When you retired in 1999, you had said that you wanted to focus on decor. Why was that?
When I left Kenzo, I started to really take care of my home in Paris and really enjoyed working on the decoration, creating an ambiance and harmony. That made me develop a certain taste and attraction for decor, and wanting to focus on it.
When you moved to Paris, what were your initial reactions to French culture?
I always wanted to go to Paris. I grew up in a very dark era of Japan, just after World War II. I started thinking of Paris after reading my sister’s magazines and watching Audrey Hepburn movies. That’s what really motivated me to go. I took a boat to Paris, and when I got there, I was in total shock. I arrived on January 1, 1965. I ended up taking a train late in the night to a not-so-good area of Paris. I thought to myself, What am I doing here? Because it wasn’t at all like the Audrey Hepburn movies—at all.
What’s your favorite Japanese restaurant in Paris today?
My ex-personal chef used to work at my home for many years. He learned to cook French and Japanese cuisine in Japan, which is kind of like a fusion. A few years ago, he wanted to start his own restaurant, so I helped him. It’s called Toyo. You have to try it!
Yum! In March, Carol Lim and Humberto Leon paid tribute to your most iconic looks with their fashion show. What was your reaction?
I went to the show but didn’t know what it was about. I knew it was a tribute to me, but I didn’t know they would completely replicate the same sketches of the same clothes. When it came out I was really shocked to see what I did so many years ago. I appreciate that they [Carol and Humberto] have the guts to do things. In the end, it turned out quite good. I was proud.

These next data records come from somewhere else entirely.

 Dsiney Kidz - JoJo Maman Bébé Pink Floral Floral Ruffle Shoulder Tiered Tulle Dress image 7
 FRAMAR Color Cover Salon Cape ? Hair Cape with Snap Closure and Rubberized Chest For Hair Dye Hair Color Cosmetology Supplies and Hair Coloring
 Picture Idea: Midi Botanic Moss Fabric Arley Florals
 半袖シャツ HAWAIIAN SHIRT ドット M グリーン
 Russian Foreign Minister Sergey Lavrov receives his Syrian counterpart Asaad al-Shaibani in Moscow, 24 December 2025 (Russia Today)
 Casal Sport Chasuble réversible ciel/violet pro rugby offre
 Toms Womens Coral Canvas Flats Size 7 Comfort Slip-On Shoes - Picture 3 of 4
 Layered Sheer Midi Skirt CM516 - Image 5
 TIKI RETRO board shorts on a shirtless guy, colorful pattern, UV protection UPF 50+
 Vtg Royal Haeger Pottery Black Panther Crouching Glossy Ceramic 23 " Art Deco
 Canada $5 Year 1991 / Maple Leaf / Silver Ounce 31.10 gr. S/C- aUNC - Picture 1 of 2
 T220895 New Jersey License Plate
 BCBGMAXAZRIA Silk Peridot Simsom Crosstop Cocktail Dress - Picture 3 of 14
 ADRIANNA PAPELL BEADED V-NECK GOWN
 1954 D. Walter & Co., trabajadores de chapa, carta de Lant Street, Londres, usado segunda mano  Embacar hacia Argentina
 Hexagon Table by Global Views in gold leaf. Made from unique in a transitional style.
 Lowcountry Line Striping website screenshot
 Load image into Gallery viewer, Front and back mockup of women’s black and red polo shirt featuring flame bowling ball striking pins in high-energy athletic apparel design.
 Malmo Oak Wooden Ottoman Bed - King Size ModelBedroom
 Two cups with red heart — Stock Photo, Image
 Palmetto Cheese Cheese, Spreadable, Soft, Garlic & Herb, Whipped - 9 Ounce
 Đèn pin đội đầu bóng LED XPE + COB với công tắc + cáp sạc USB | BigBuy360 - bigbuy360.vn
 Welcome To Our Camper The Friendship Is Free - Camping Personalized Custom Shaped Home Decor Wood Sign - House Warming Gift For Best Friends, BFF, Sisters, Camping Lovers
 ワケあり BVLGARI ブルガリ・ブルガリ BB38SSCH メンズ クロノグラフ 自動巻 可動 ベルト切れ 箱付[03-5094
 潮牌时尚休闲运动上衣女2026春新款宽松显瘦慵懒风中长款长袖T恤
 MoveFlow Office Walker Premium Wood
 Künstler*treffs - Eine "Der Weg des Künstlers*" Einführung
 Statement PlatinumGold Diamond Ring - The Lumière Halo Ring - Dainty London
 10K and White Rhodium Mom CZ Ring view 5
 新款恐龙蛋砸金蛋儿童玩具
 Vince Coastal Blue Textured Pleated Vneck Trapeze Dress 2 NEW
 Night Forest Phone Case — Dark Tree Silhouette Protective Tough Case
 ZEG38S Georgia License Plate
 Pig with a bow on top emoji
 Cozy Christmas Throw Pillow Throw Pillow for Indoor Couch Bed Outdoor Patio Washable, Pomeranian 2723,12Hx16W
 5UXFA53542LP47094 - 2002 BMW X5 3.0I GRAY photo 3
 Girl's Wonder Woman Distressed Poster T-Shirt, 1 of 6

You’ve worked in a range of creative mediums. What else could you see yourself pursuing?
I’ll definitely continue to work on the decor, but whatever I do, it will always have a certain link to fashion. For now, I’d like to bring back some more know-how traditions of Japan to the forefront. I like being creative and creating a harmony.
We can’t find you on Instagram! What are your thoughts on social media these days?
I’m discrete. I’m obviously from Japanese origin and am a bit of a shy person. I don’t really like to take selfies and such. I don’t see a strong interest. I’ll discuss it, but I think about what will I show, and what’s the point? I don’t really like to promote myself.
What are your plans this summer?
Every summer for almost the past 10 years, I go to Greece on summer vacation. We’ll take a boat and visit the Greek islands. I’ll head there after New York.
When was the last time you were here in NYC?
Last year. I used to fly the Concord every month from New York. And I loved Studio 54. I spent a lot of time there! I even had one of my fashion shows there, in 1977. Now I’m a little old…but I [still] love to dance.
Note: Kenzō Takada’s answers were translated by his personal translator.